For now, I manually inputted the data to put more effort in learning of the economic processes but in a later edition, I will use BeautifulSoup to scrap the data directly from [Yahoo Finance](https://finance.yahoo.com/).

In [8]:
amazon_prices = [171.73, 167.65, 174.82, 164.45, 168.09, 207.25, 167.55, 150.00, 152.73, 164.15, 152.40, 152.26]
ebay_prices = [61.52, 70.21, 68.81, 77.06, 69.70, 76.47, 68.64, 66.45, 59.91, 54.56, 57.87, 51.97, 49.08]

With the data, I used `get_returns()` function to find the monthly log rates of return from the Amazon and eBay stock prices. Store those list of returns in the variables `amazon_returns` and `ebay_returns`, respectively.

In [9]:
amazon_returns = get_returns(amazon_prices)
ebay_returns = get_returns(ebay_prices)

Now I ouputted the lists of monthly returns, with the help of displaying the price return as a percentage, however, it is hard to tell how the return of the two stocks compare and if they are on average profitable.

In [10]:
[display_as_percentage(price_return) for price_return in amazon_returns]

['-2.4%',
 '4.2%',
 '-6.1%',
 '2.2%',
 '20.9%',
 '-21.3%',
 '-11.1%',
 '1.8%',
 '7.2%',
 '-7.4%',
 '-0.1%']

In [11]:
[display_as_percentage(price_return) for price_return in ebay_returns]

['13.2%',
 '-2.0%',
 '11.3%',
 '-10.0%',
 '9.3%',
 '-10.8%',
 '-3.2%',
 '-10.4%',
 '-9.4%',
 '5.9%',
 '-10.8%',
 '-5.7%']

Using the monthly rate of returns, we can sum them together to get the annual rate of return. We avoided using the two years between 2021 and 2022 since more data leads to more accurate results.
   

Now we can see below that on average over the period between June 2021 and June 2022, the annual rate of return for both companies fell, with EBay having a less annual return rate than EBay.

In [12]:
amzn_annual_return = sum(amazon_returns)
ebay_annual_return = sum(ebay_returns)

print(amzn_annual_return)
print(ebay_annual_return)

-0.12033389011770391
-0.22591070535467814


## Assess Investment Risk

Now to assess the risk of each investment, I calculated the variance of each stock's monthly returns. Use the `calculate_variance()` function we provided in the first task and print out the results.

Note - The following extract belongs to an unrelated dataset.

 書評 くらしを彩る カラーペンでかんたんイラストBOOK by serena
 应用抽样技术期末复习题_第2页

As we see below, the variance for Amazon’s monthly returns is slightly higher than eBay’s. A greater variance generally signifies a riskier investment.

In [13]:
print(calculate_variance(amazon_returns))
print(calculate_variance(ebay_returns))

0.01069053597390166
0.007967784162336419


To further justify our finding with the variance, we can calculate the standard deviation of each stock's monthly returns using the `calculate_stddev()` function, and print out the results.

Amazon’s monthly returns have a greater standard deviation than eBay’s. As we’ve already seen previously, investing in Amazon stock is likely riskier.It is worthwhile to note again that Amazon also has the higher rate of return, demonstrating the risk-return tradeoff that often exists in investments.

In [14]:
print(display_as_percentage(calculate_stddev(amazon_returns)))
print(display_as_percentage(calculate_stddev(ebay_returns)))

10.3%
8.9%


Finally, calculate the correlation between the stock returns using the `calculate_correlation()` function, and we can see the correlation coefficient is about 0.16 which indicates a moderate positive correlation.

As said in the **Calculating Correlation** section, we should be careful about investing in highly correlated stocks to avoid putting all our eggs in one basket, so to speak. Instead, it is wise to invest in uncorrelated stocks, such that a loss in one does not automatically mean a loss in the other. This diversifies the investment portfolio and reduces overall risk.

In [15]:
print(calculate_correlation(amazon_returns, ebay_returns))

0.16507117833663582


This project is meant to serve as a introductory guide in analyzing risk investment as a gateway into financial analytics with Python, and should not be used as financial advice.